Abortando o debate em nome da normalidade democrática

BRUNO PONTES
11 DE OUTUBRO DE 2010


A mãe do Brasil
Meu artigo no jornal O Estado 

“Eu acho que tem de haver a descriminalização do aborto. É um absurdo que não haja a descriminalização”. Dilma Rousseff disse isso em outubro de 2007, para a Folha de S. Paulo.

“Abortar não é fácil pra mulher alguma. Duvido que alguém se sinta confortável em fazer um aborto. Agora, isso não pode ser justificativa para que não haja a legalização. O aborto é uma questão de saúde pública”, reiterou Dilma à revista Marie Claire, em abril do ano passado.

O Programa Nacional de Direitos Humanos 3, referendado pela Casa Civil da ministra Dilma e registrado no TSE como plano de governo da candidata, trata o aborto como “direito humano” e recomenda a aprovação de uma lei que o descriminalize, “considerando a autonomia das mulheres para decidir sobre seus corpos”.

A partir dos fatos, peço licença aos leitores para tirar uma conclusão reacionária e obscurantista: acho que Dilma apóia a legalização do aborto. Por convicção e por obediência ao partido.

Em seu 3º Congresso Nacional, o PT incorporou às suas diretrizes a “defesa da autodeterminação das mulheres, da descriminalização do aborto e regulamentação do atendimento a todos os casos no serviço público”.

Ouçam também Angélica Fernandes, do Coletivo Nacional de Mulheres do PT: “A defesa da descriminalização do aborto é a principal bandeira daqueles e daquelas que defendem os direitos das mulheres, não como retórica, mas como prática militante e parte integrante da superação do atual modelo político e econômico”.

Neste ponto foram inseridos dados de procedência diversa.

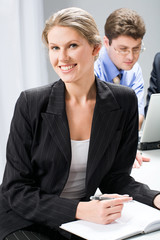 Poster - Portrait of smart woman sitting at the table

Está tudo documentado. O aborto é parte da agenda petista (da esquerda inteira, de fato). Abortar contribui para demolir o sistema patriarcal inerente à civilização judaico-cristã e capitalista etc. A legalização do aborto é objetivo votado e aprovado em assembléias partidárias. É motivo de expulsão dos desobedientes. Para o PT, enfim, aborto é coisa séria. Mas vejam como são graciosos os companheiros. Agora estão nos ensinando que aborto não é assunto para eleição. Somente fanáticos religiosos e outras subespécies humanas ousariam levantar a questão e exigir de uma mulher que pode vir a ser presidente da República uma posição clara a respeito.

Dilma declarou anteontem, após uma fortuita visita a uma maternidade mantida por religiosos, que “tão importante quanto a liberdade de opinião e de imprensa é a liberdade de crença e de religião”. Que lindo. Liberdade de religião é boa na hora de formar eleitorado com as comunidades eclesiais de base, insuflar a luta de classes com o sermão da missa e pontificar que Jesus foi o primeiro socialista. Quando a liberdade inclui a liberdade de rejeitar uma candidatura que contraria os princípios da crença, o PT muda de conversa e aborta o debate em nome da normalidade democrática. Até porque não há o que discutir: aquela Dilma dos primeiros parágrafos já avisou que sempre foi “a favor da vida”.